Material for the task:
■ ■ ■ ■

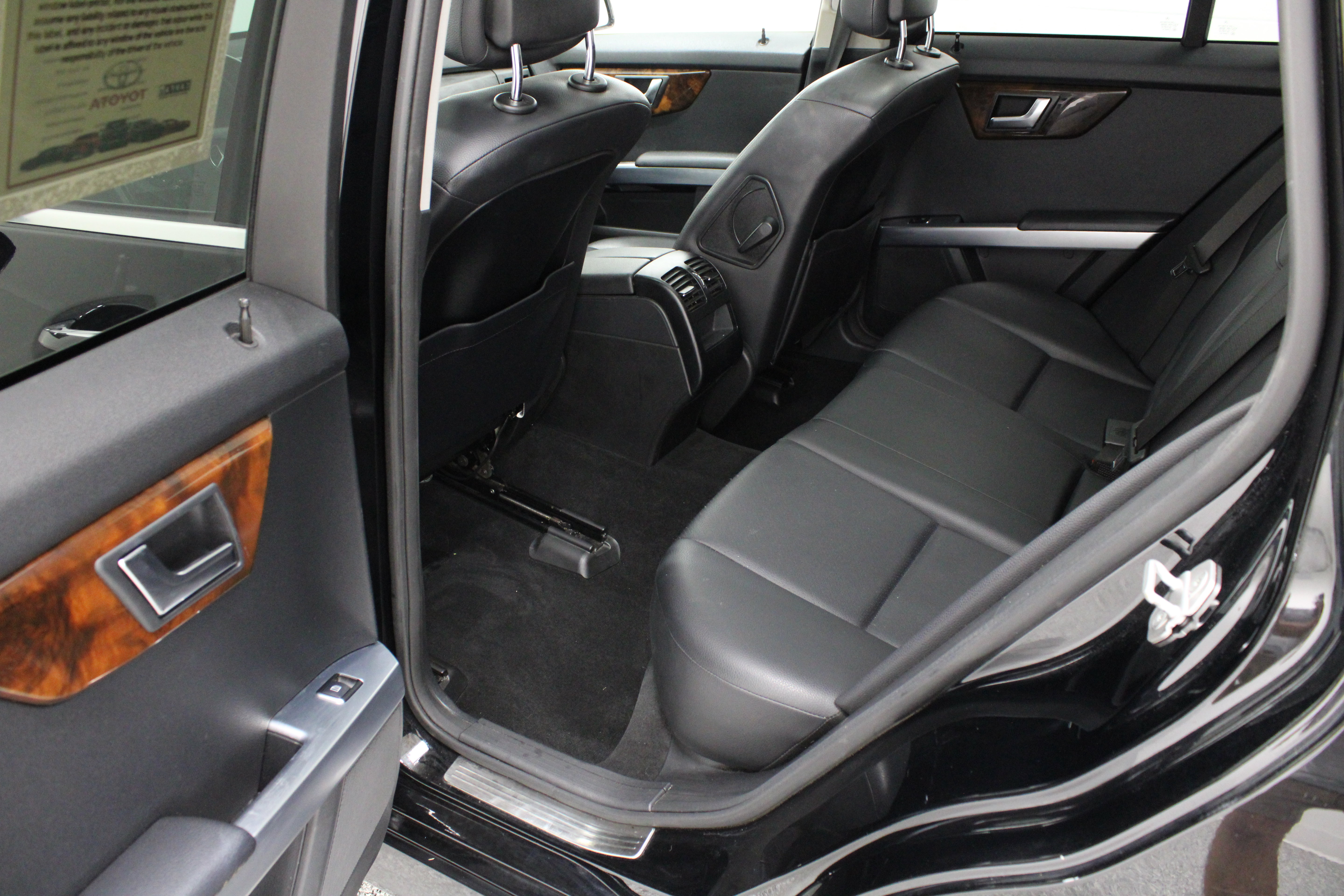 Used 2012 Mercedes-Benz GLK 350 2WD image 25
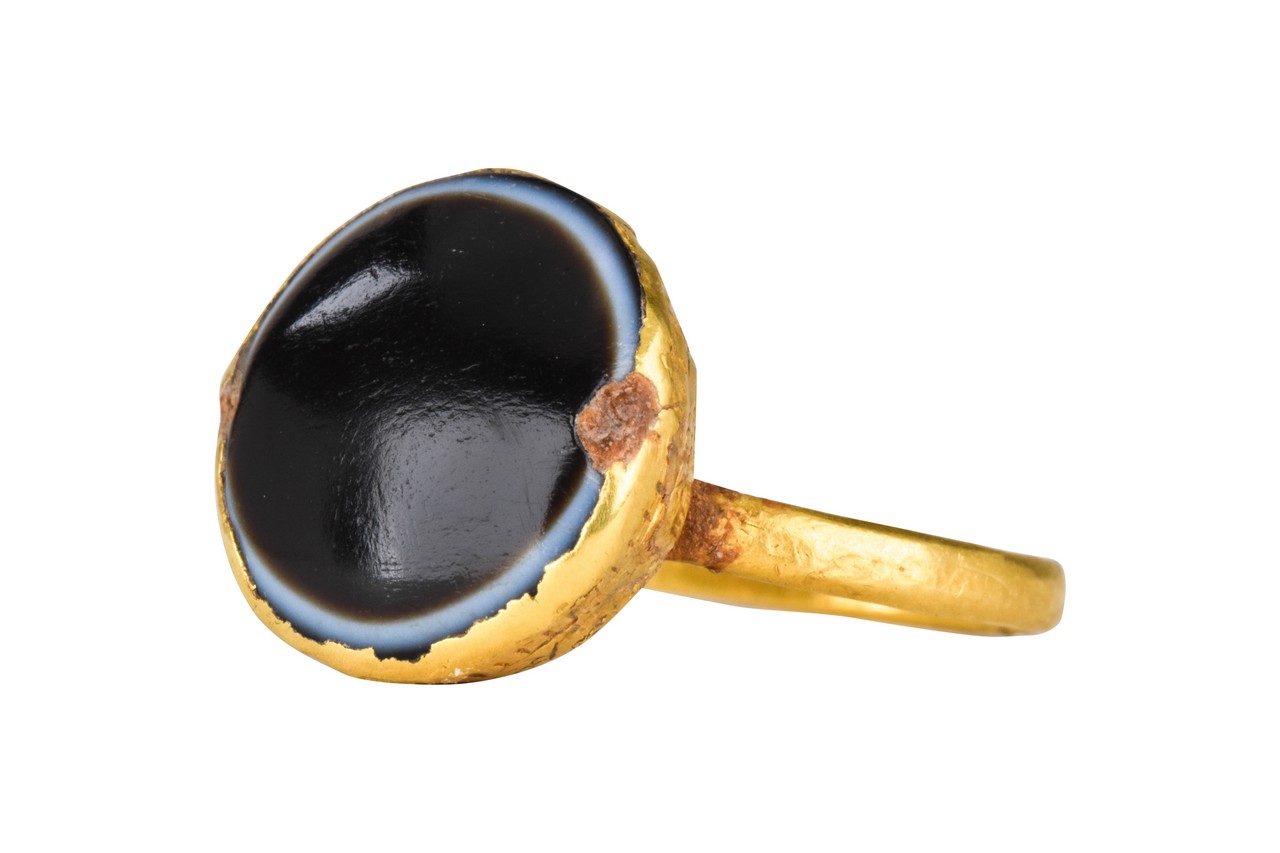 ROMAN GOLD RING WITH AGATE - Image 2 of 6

■ ■ ■ ■

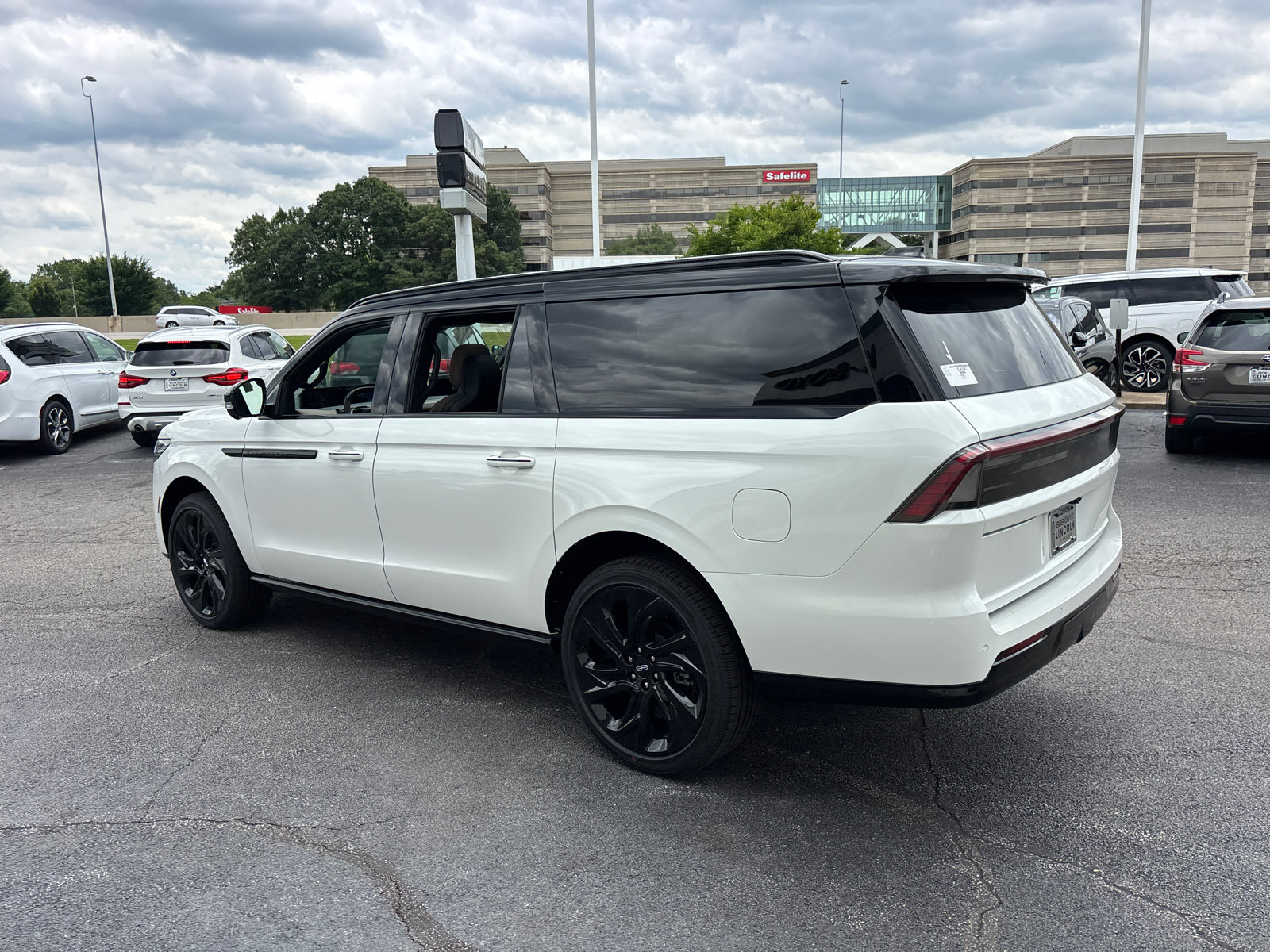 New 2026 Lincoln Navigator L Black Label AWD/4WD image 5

■ ■ ■ ■

Copy the lines above exactly, starting at the one with "Used 2012 Mercedes-Benz GLK 350 2WD image 25" and ending at the one with "ROMAN GOLD RING WITH AGATE - Image 2 of 6", both included. Leave out any pictures and add nothing else.

Exercise solution:
 Used 2012 Mercedes-Benz GLK 350 2WD image 25
 ROMAN GOLD RING WITH AGATE - Image 2 of 6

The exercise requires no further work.